Have you ever had to sort an array in PHP? There are a bunch of functions available, the most common being sort(). This function does a default sorting of the values in your array. So if you have numbers or want to do alphabetical sorting, sort() will get the job done.

But what if you require a more complex sorting logic? Let's say you have an array of names that need to be sorted in a specific order. I don't know, because your client says so. Let me show you how.

Let's say your DB returns a list of names in an array:

$names = array("Christian", "Daniel", "Adrian");

And your client says they need to be arranged in the following order: Adrian, Christian, Daniel. You can use the usort() function together with a comparator function you write yourself.

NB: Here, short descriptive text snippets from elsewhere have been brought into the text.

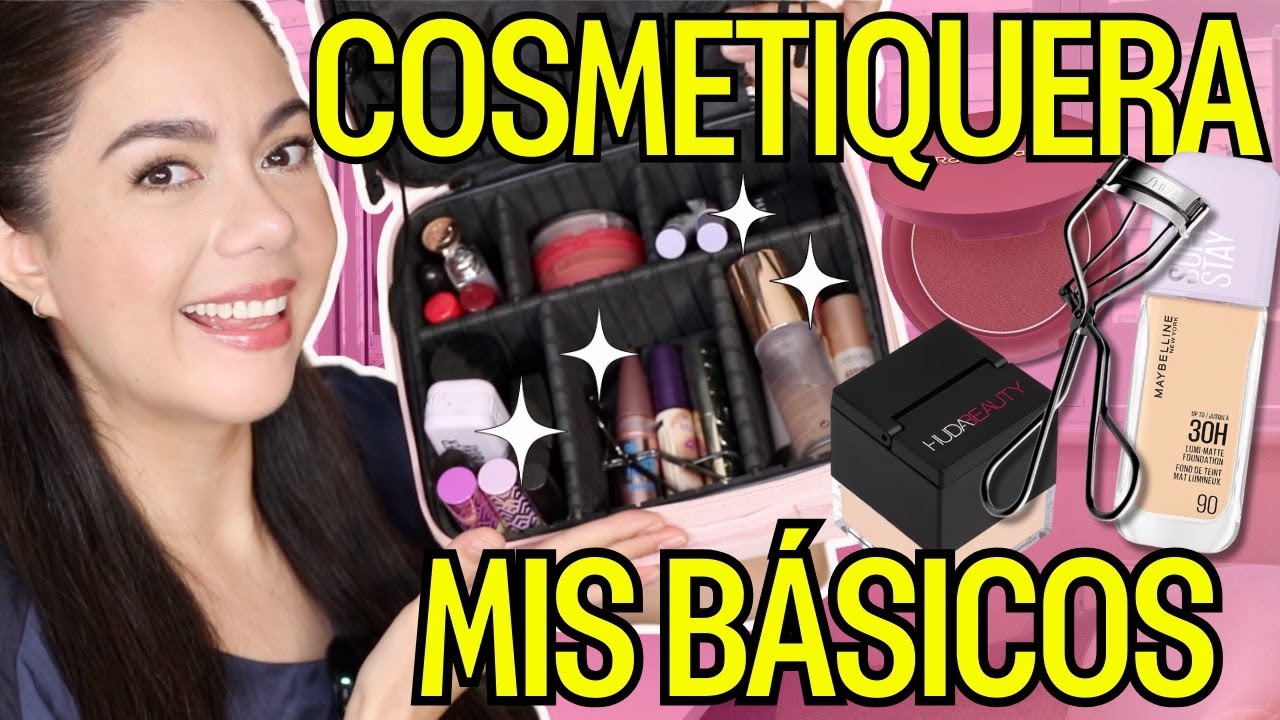 QUÉ LLEVO EN MI COSMETIQUERA 💄 MIS BÁSICOS DE MAQUILLAJE ✨ | MARIEBELLE COSMETICS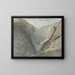 Gorges rotswand met waterval - Samuel Davis — ingelijst kunstwerk aan de muur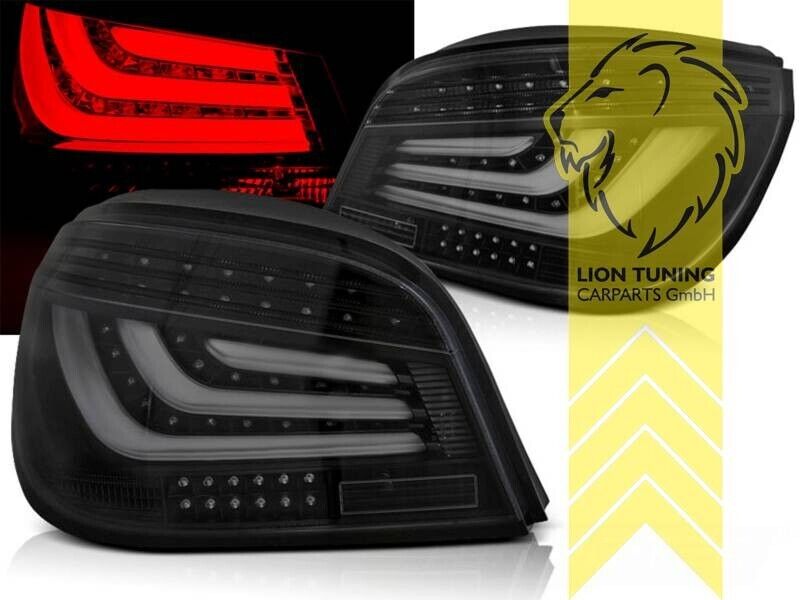 LT LED DRL Lightbar Rear Tail Lights BMW 5 Series E60 07-10 black smoke LHD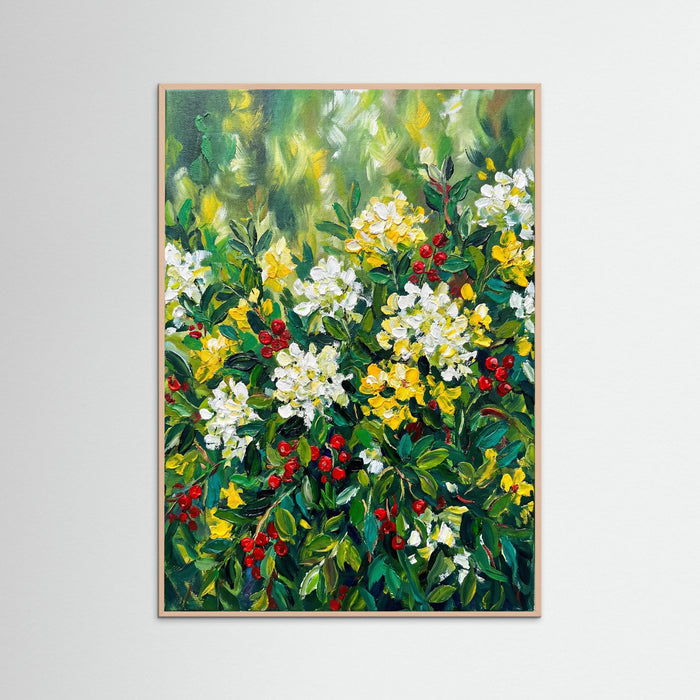 Rose Wood Wildflower Burst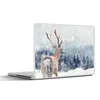 MuchoWow® Laptop Aufkleber Sticker Cover Winter - Hirsche - Produktbild-Vorschau 1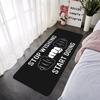 Floor Mat GYM Exercise Time Non-slip Foot Rug for Entryway Hallway Carpet Kitchen Water Adsorbed Rugs Bedside Mats Home Decor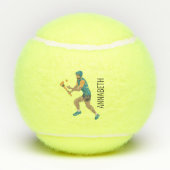 Hurling Tennisbälle (Rückseite)
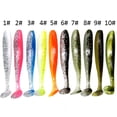 thumbnail image 4 of Bangcool 10 Pcs Appâts de Pêche Réalistes en Plastique Pailleté Leurre de Pêche Crankbait, 4 of 9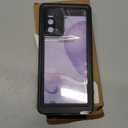 ANTSHARE for Samsung Galaxy Note 20 Case Waterproof, Built in Screen Protector 360 Full Body Heavy Duty Protective Shockproof IP68 Underwater Case for Samsung Galaxy Note 20 6.7inch(Black)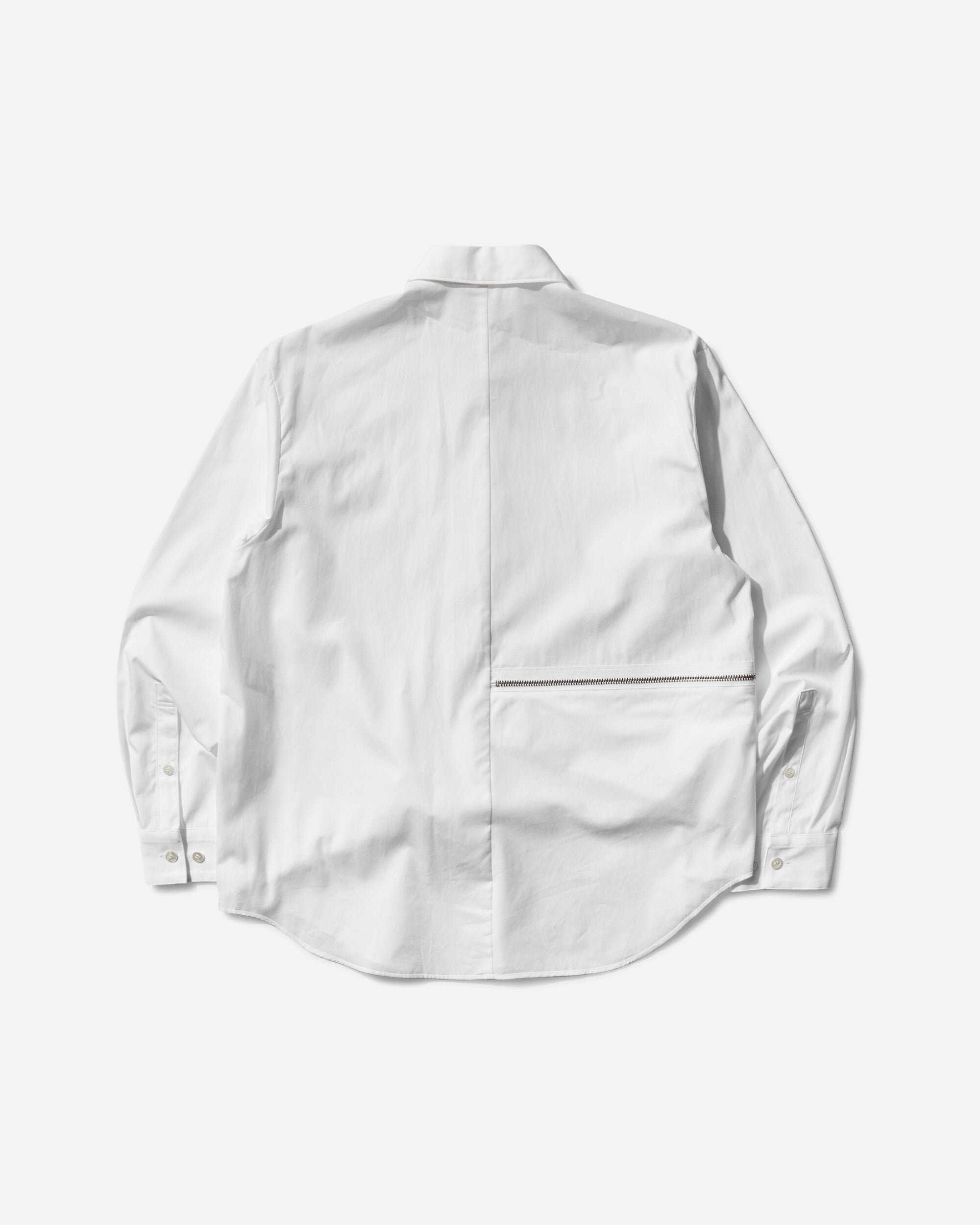 Undercover Women's Asymmetrical Zip Shirt White, view 2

How does this system work?

As a second argument of the usort() function, we pass in the name of our custom comparator function. The way this gets processed is that all the values in the array that needs sorting are passed to this function 2 at the time (usually you'll see them as $a and $b). This is done to determine which one takes precedence over which. The comparator has to return 0 if the 2 values are considered equal, a negative integer if the first value is less than the second value or a positive integer if the second value is less than the first. What less means is up to you to determine. So let's put this in practice with our example:

function _name_comparer($a, $b) {
  $correct_order = array("Adrian", "Christian", "Daniel");
  
  $a_key = array_search($a, $correct_order);
  $b_key = array_search($b, $correct_order);
  
  if ($a_key == $b_key) {
      return 0;
    }
    
    return ($a_key < $b_key) ? -1 : 1;
  }
  
usort($names, "_name_comparer");

So what happens in my comparator function? First, I create an array that contains the proper order of the names. This means that each value has an integer key that can be easily compared (and that I store in the $a_key and $b_key variables). After comparing these, I return 0, a negative or positive integer. The result is that the $names array gets resorted in the order they appear in the $correct_order local variable I created. And that's it.

If the $names variable is associative and you need to maintain the keys as they were, you can use the uasort() function:

$names = array(
  "christian" => "Christian", 
  "daniel" => "Daniel", 
  "adrian" => "Adrian",
);
uasort($names, "_name_comparer");

The comparator function can stay the same, but the uasort() function will take into account and maintain the index association of your values.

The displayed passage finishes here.